A deputy minister – a career civil servant who had plotted a deliberate path from junior analyst to the heights of the bureaucracy – collapsed suddenly at a interdepartmental committee meeting and died (with his boots on, as it were).
While his colleagues were left to ponder how his departure would affect their advancement prospects, he found himself rapidly descending into the depths of hell. No Satan, Beelzebub or Melchom met him there – he simply slide quickly down a rocky, dark embankment and splashed into a fetid, putrid swamp. Gasping and grasping to find his bearings and remain above water, he was able to find a footing on some slippery rocks where he found he could just reach his mouth above the waterline if he stood on his tip-toes and craned his neck.

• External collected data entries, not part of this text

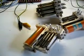Here we have some elevator controller relays. This is the smallest one. It's a two-pole relay. There are only two contacts there — one and two.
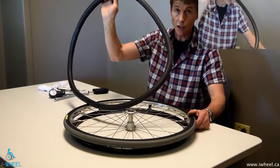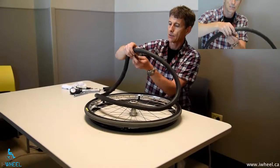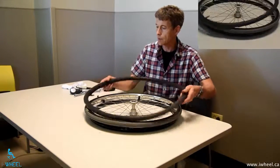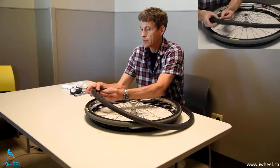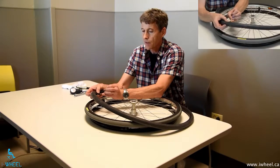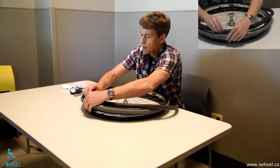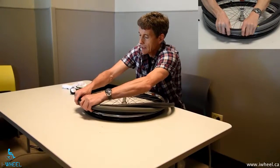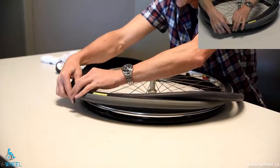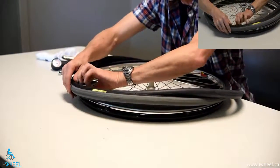Hopefully this is a new tube — or a patch, but I'm not going to show you how to patch it because I don't particularly recommend it; the consequences of another flat are just too dire. So I'm going to let a little bit of air out — I just need enough air to maintain the shape of the tube. Then push it into the tyre and seat the valve, and to save us from having to do what I did initially, make sure the valve comes out perpendicular.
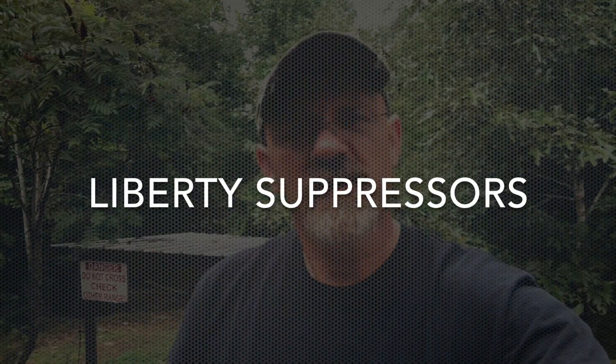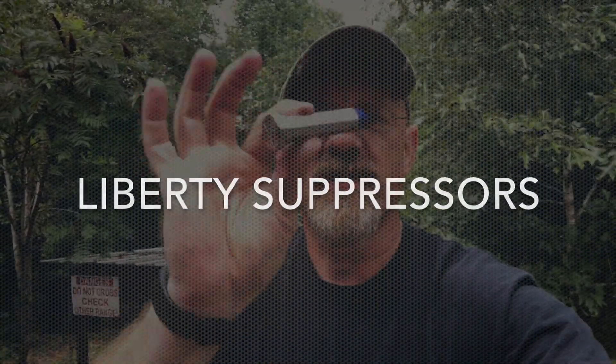Hey YouTube, this is David with Liberty Suppressors. Today we're going to test the 4 ounce heavy buffer from Liberty Suppressors and see what the effects are on a standard 5.56 16 inch carbine. This gives you an idea of the performance change between a standard 2.5 to 2.75 ounce buffer and the 4 ounce buffer that we make.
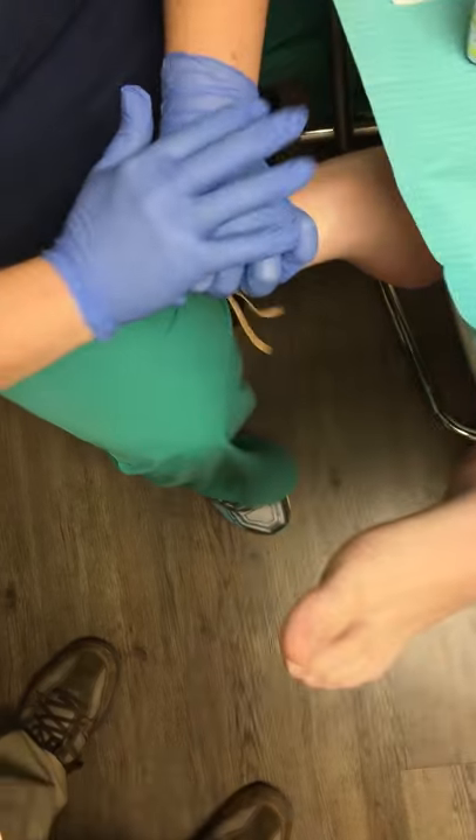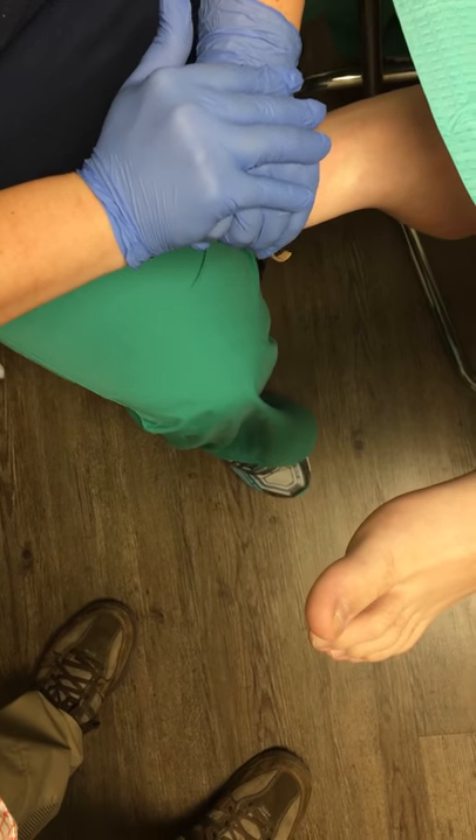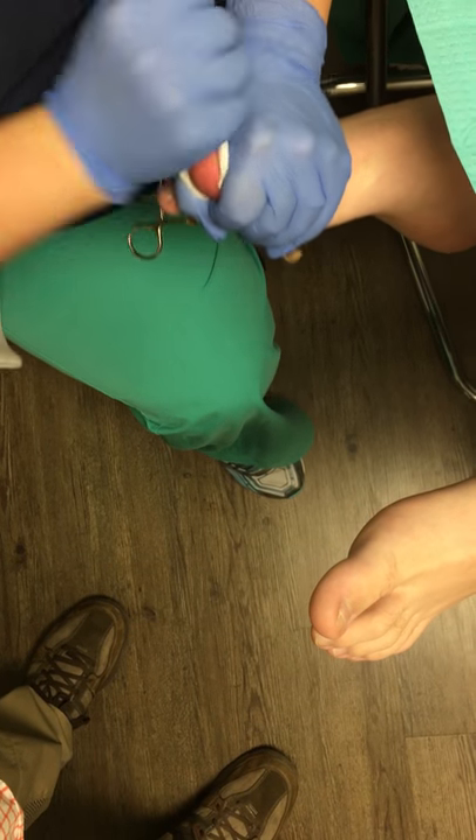We like to use band-aids to help cut off the blood flow to the toe, but there are actual toe tourniquets that you can use. They usually are a green color, and you just slide them down the toe.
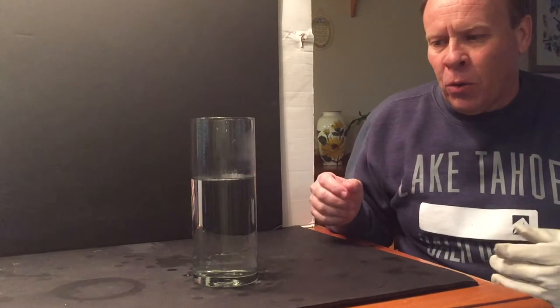Welcome back to Kids Fun Science. This is an experiment I did right when I first started, and I just thought it would be worth redoing now that I have a lot more viewers, because it's a pretty cool experiment.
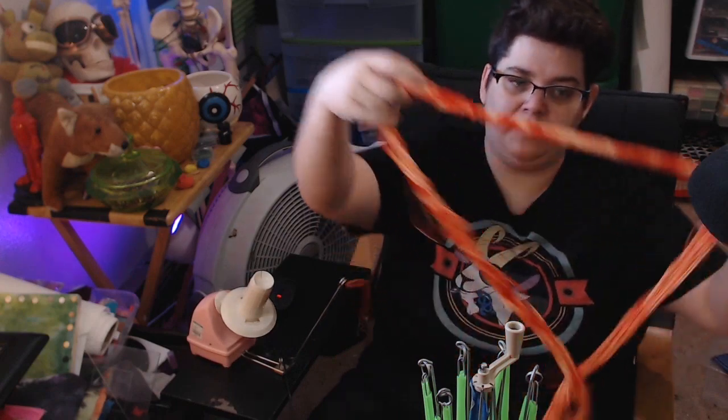We've got this clamp on the bottom, so I'm going to clamp this to my table and then show you what to do from there. I know this is a little hard to see — we've got the swift down here.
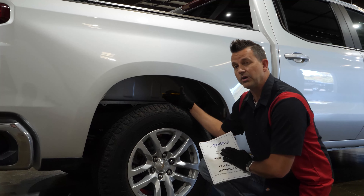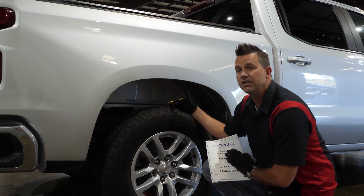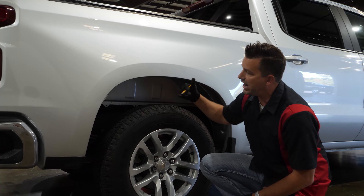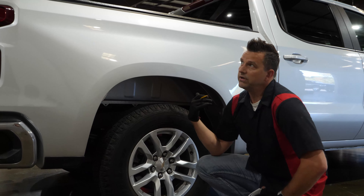Hello, it's Brent with ProPride Industries. Today we're going to put together a 3P1400 on this Chevy Silverado and this Grand Design Imagine. First, if you haven't received your hitch yet, you can actually do some pre-work — some homework, per se — if you'd like.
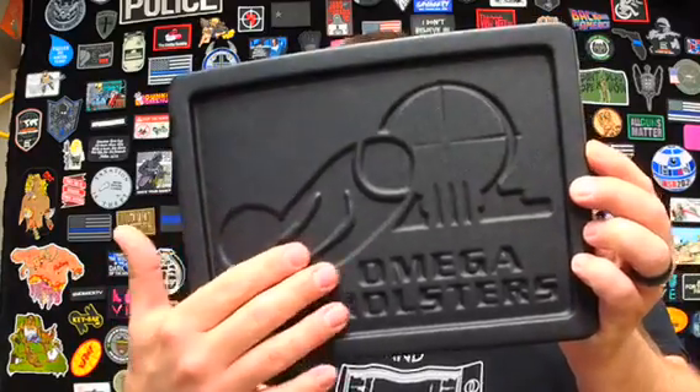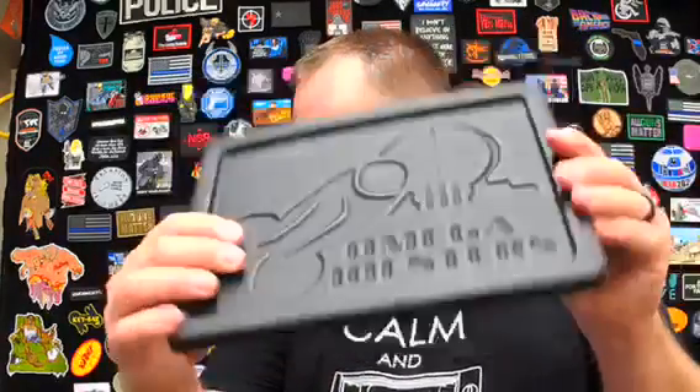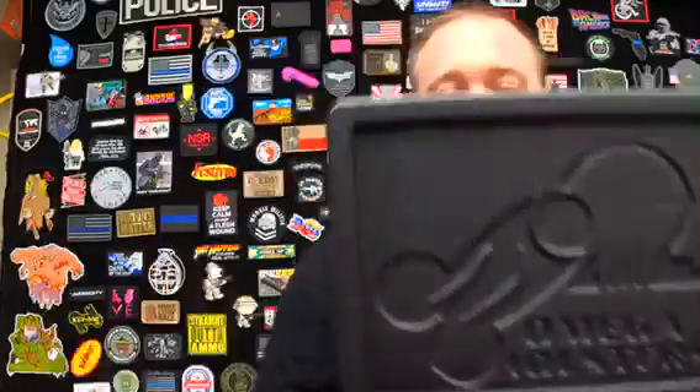Everything is really good. It'll hold your stuff and it's got a thin profile. So if you're looking for an EDC tray, valet tray, or dump tray, they'll be on the Omega Holsters website very soon. If you want a mold with your holster maker logo, hit up Oliver at Plan B Holsters.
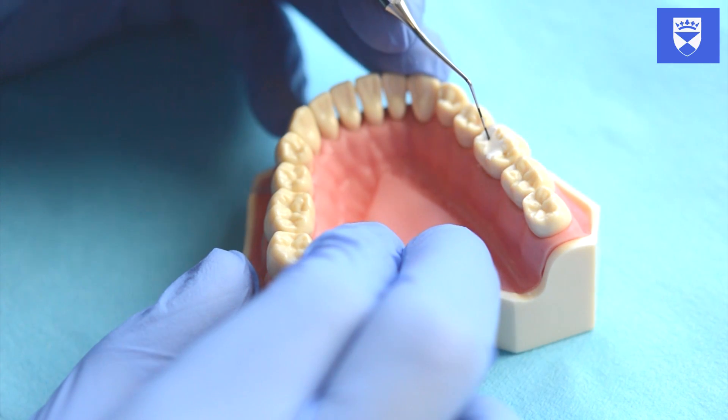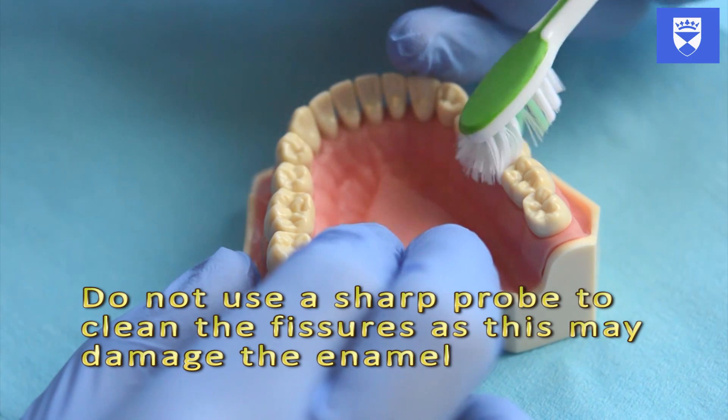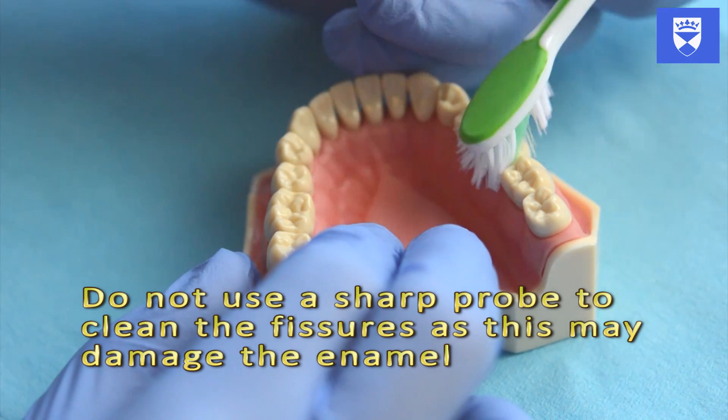If debris is evident within the fissure pattern, gently debride this with a toothbrush. Use a buccolingual orientation when brushing the surface of the tooth.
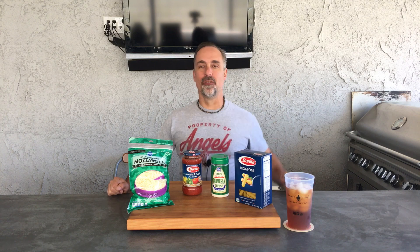Hey, thanks for tuning in to Burning Cereal. My name is Mike and today I am going to make for you rigatoni pie.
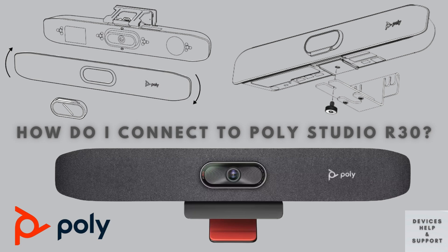This advanced device offers crystal-clear audio and high-definition video, making it an ideal choice for professional and seamless virtual meetings. Whether you're upgrading your current system or setting up a new one, we'll walk you through each step to ensure you get the most out of your PolyStudio R30.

After a few minutes, wondering what he would do next, he noticed an old colleague – a senior DM who had mentored him on his way up, but had passed away many years before – to his left. He didn’t recognize the old man at first, but it was certainly him! But the old DM could offer no assistance as he seemed to be in the same position as his younger colleague – just able to keep his mouth above the water by craning his neck. And after a little while, he noticed that the older DM was repeating slowly – and with as little movement as possible – some familiar advice: “Don’t make waves …. Don’t make waves”.
The recently arrived DM, still pondering his predicament, did realize why he didn’t recognize his old mentor at first: it was the only time he had ever seen his senior colleague stick his neck out.